There are two steps that will follow. First, local governments will audit steel operations, which will require mills to submit forms that detail equipment, capacity and production levels, as well as any capital investments from 2015 to September 2019. The SASAC will do the same for national steel companies. The submission deadline for the audit forms is Nov. 29. While the public announcement of the audit was only made this week, mills were informed as early as Nov. 4. Next, the NDRC, MIIT, the NBS and CISA will conduct spot checks to confirm the results of the audit. The timing of these spot checks has not yet been communicated.

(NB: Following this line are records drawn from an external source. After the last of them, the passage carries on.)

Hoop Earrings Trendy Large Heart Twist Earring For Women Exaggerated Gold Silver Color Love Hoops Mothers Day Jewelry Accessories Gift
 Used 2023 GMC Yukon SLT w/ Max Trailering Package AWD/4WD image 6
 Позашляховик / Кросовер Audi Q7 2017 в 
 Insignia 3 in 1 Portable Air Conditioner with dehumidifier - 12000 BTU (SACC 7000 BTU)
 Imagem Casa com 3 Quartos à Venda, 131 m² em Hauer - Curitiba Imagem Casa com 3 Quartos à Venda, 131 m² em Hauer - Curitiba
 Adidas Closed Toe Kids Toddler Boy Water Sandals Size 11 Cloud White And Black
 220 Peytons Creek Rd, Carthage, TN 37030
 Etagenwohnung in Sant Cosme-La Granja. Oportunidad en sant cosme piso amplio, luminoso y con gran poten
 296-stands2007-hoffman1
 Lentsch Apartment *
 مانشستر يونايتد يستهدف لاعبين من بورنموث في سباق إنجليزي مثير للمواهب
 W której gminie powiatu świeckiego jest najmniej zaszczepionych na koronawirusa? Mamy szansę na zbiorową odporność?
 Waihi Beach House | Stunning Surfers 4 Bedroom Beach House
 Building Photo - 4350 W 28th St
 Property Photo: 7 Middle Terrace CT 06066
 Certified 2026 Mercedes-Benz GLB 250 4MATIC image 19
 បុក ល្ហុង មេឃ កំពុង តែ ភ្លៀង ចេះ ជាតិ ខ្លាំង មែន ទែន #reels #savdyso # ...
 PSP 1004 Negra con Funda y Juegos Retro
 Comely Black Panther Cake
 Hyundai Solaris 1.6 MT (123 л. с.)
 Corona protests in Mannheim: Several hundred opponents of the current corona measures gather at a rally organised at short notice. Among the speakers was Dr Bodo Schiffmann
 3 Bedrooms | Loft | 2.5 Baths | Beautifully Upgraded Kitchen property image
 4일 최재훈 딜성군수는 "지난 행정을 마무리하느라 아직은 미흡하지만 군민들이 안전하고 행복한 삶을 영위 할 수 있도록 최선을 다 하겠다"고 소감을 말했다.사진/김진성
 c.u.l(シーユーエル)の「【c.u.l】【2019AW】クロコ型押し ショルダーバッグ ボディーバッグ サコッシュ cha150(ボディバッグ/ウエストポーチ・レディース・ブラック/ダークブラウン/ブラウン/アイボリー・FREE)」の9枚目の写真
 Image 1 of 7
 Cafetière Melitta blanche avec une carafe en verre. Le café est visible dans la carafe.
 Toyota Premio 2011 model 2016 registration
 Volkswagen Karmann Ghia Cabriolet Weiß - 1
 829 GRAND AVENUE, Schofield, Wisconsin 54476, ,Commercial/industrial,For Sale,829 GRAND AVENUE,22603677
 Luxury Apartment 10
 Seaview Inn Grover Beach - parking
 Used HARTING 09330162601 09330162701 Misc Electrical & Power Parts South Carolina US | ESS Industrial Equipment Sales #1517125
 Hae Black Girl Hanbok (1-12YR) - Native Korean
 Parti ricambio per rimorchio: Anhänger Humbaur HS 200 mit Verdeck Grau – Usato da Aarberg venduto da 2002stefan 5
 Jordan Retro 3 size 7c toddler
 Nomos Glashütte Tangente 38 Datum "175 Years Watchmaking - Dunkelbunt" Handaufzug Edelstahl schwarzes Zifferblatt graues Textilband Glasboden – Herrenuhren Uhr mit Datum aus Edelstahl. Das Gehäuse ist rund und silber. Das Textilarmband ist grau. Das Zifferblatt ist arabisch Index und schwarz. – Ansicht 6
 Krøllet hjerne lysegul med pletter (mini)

Action on Capacity May be Needed to Prevent a New Crisis
Although the steel capacity probe focuses on confirming the historical and current real capacity in China, we expect it will also serve to progress steel industry reforms. We have discussed the transition in industry reforms in a previous Special Feature, ‘Where next for Chinese steel industry reforms?’ and we believe the government’s aim is to shift the focus of the industry from quantity to quality. The implementation of this agenda will ultimately be one of optimization over elimination. For example, steel plants have moved from inland to coastal regions. This probe will be aimed at ensuring the government has genuine and detailed data to progress the next steps in this industry reform.
In terms of the near-term dynamics, if the probe finds there have been capacity expansions beyond that expected and allowable by the reforms implemented to date, it is highly probable that orders to close or restrict output is an outcome. More restrictive controls on further capacity expansion would also be needed to ensure a repeat does not occur and to prevent the restart of any restrictions that may be put in place. While this is by no means certain, such orders would lift utilization of operating capacity and tighten the market from a loose position today. This would then be supportive of a recovery in domestic steel margins if sufficient supply was curbed by the orders. However, because the government is taking this action on a reasonably rapid timescale suggests that capacity may have expanded more than we have estimated. If this is the case, there is a risk that the Chinese steel market could be weaker in the near term than we have forecast. Depending on the significance of surplus supply, this could lead to a crisis developing as the effects of recent stimulus measures are already beginning to fade, leading to softer steel demand. Thus, timely measures by the government would be important to prevent this occurring. This not only has implications for the domestic market but would lead to greater steel exports from the country, particularly if recent cost disadvantages unwind.
We will continue to evaluate the outcome of the probe and assess how this impacts our forecasts for steel prices and margins.